» **Input**:

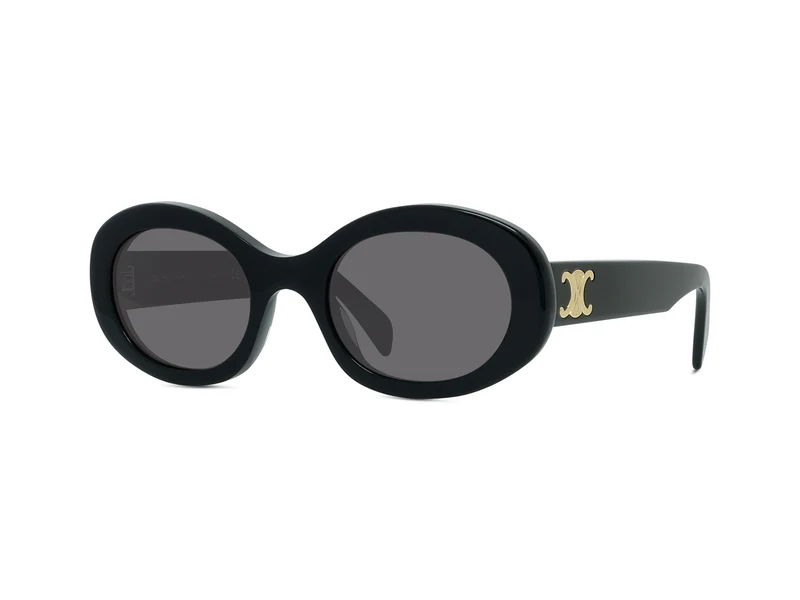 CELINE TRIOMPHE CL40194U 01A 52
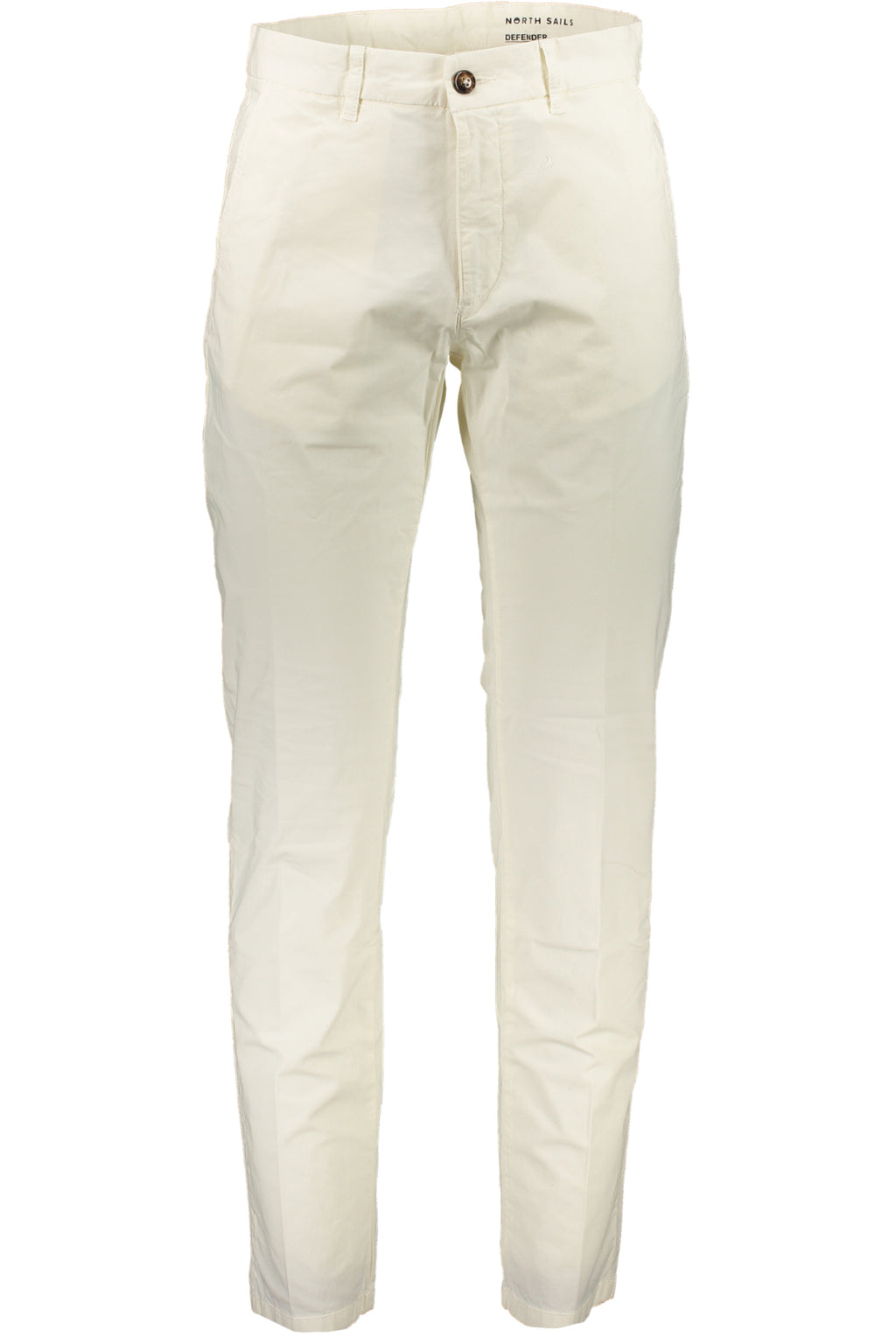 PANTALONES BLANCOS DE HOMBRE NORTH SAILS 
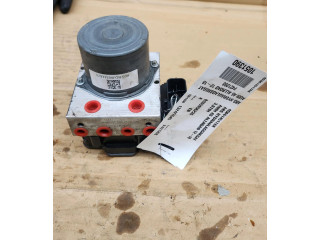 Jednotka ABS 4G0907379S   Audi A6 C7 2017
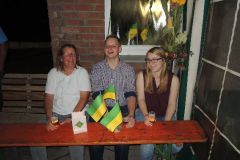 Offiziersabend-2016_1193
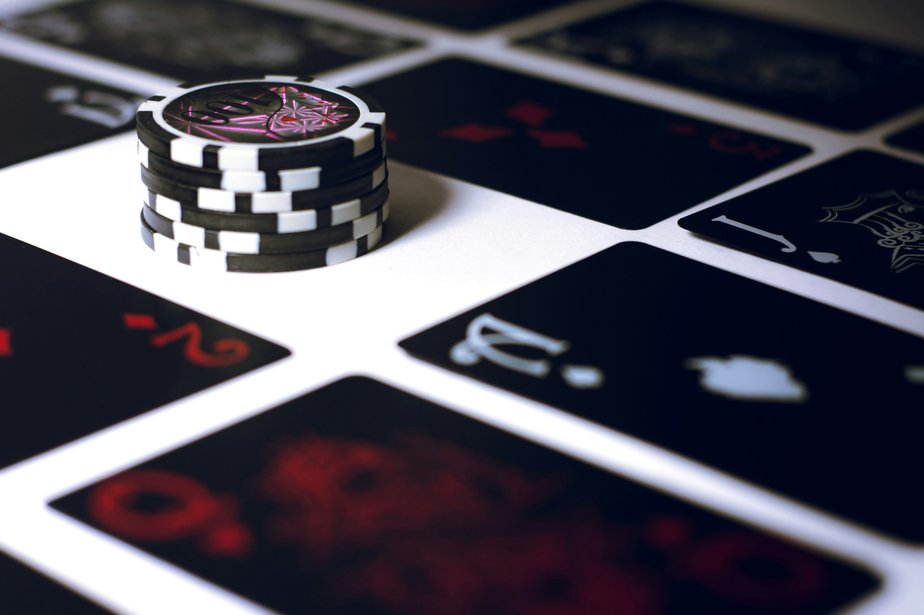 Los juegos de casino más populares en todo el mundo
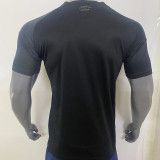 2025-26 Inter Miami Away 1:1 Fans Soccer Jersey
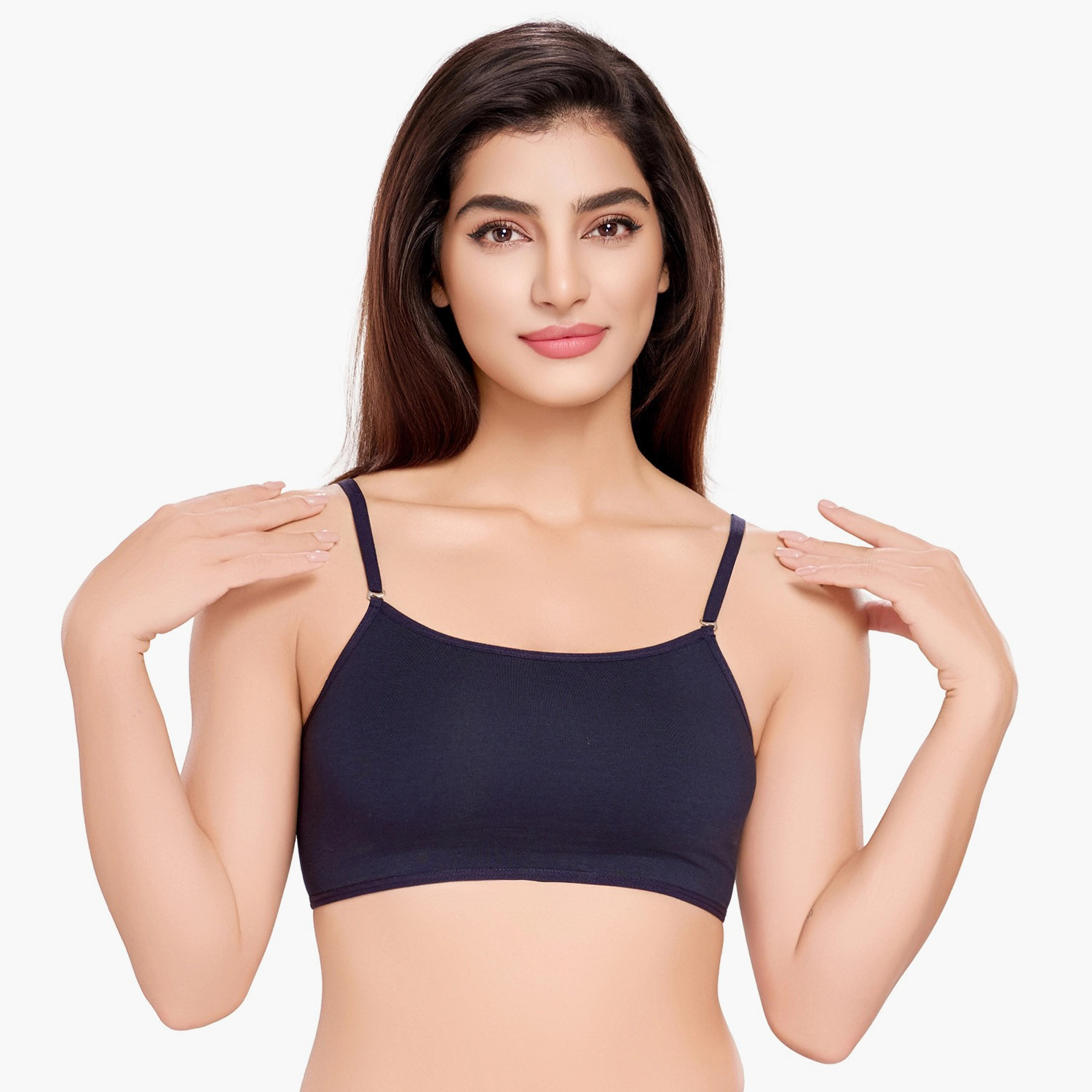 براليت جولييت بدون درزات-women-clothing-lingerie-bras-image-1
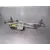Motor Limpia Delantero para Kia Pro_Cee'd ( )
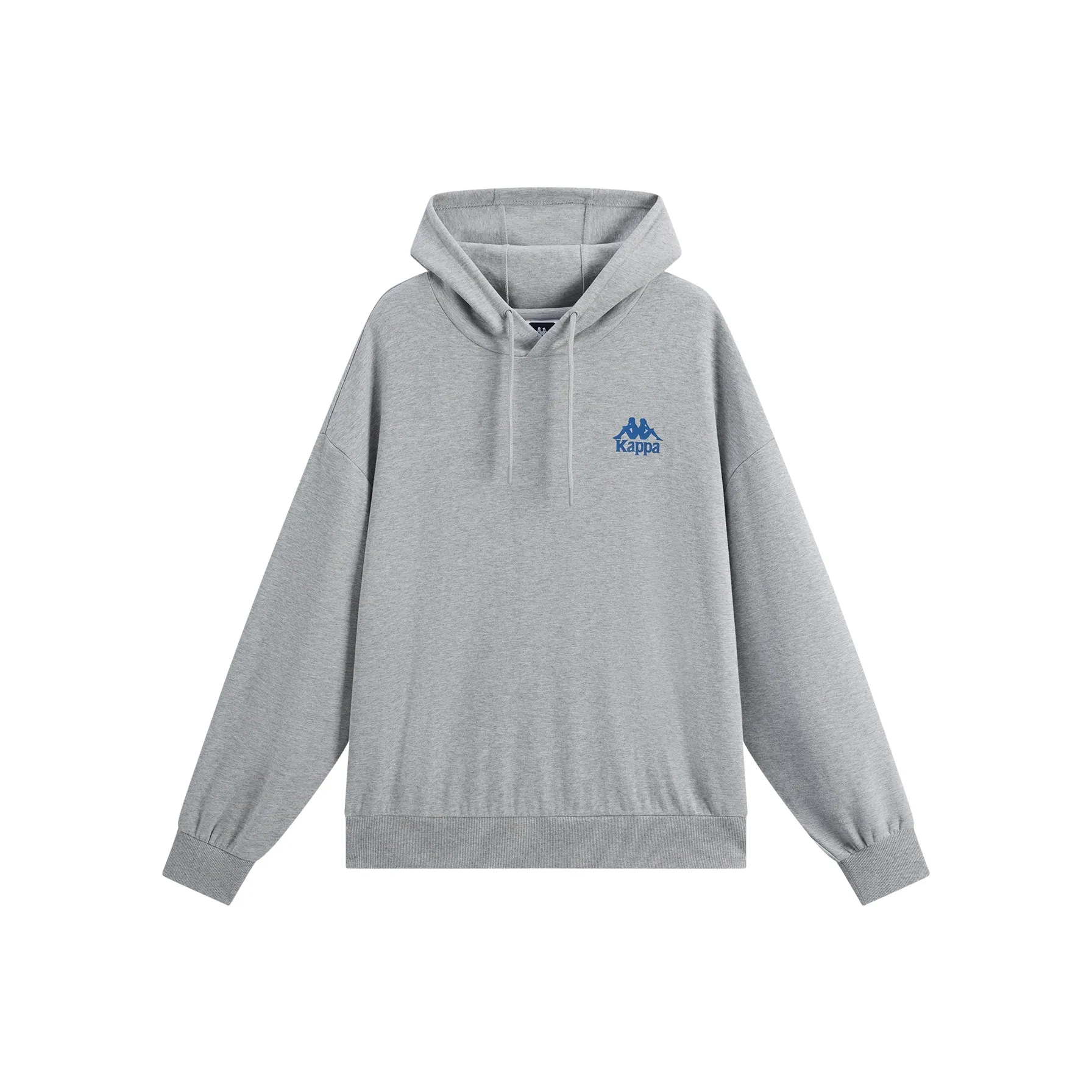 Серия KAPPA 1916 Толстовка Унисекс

» **Problem details**:
No pictures belong in the copy. Repeat the listing above exactly.

» **Response to the exercise**:
 CELINE TRIOMPHE CL40194U 01A 52
 PANTALONES BLANCOS DE HOMBRE NORTH SAILS 
 Jednotka ABS 4G0907379S   Audi A6 C7 2017
 Offiziersabend-2016_1193
 Los juegos de casino más populares en todo el mundo
 2025-26 Inter Miami Away 1:1 Fans Soccer Jersey
 براليت جولييت بدون درزات-women-clothing-lingerie-bras-image-1
Motor Limpia Delantero para Kia Pro_Cee'd ( )
 Серия KAPPA 1916 Толстовка Унисекс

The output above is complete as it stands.